─── Supplied material
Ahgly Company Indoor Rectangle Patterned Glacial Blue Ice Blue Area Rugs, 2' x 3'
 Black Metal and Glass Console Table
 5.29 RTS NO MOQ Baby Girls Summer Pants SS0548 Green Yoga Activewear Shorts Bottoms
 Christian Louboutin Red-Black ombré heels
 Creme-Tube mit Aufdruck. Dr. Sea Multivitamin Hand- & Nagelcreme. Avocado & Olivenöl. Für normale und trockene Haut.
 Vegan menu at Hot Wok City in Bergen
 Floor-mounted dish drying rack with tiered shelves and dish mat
──────
• About this exercise: Using the entries above, state how many lines include the word "Black", with no other words.

• Answer to this task: 2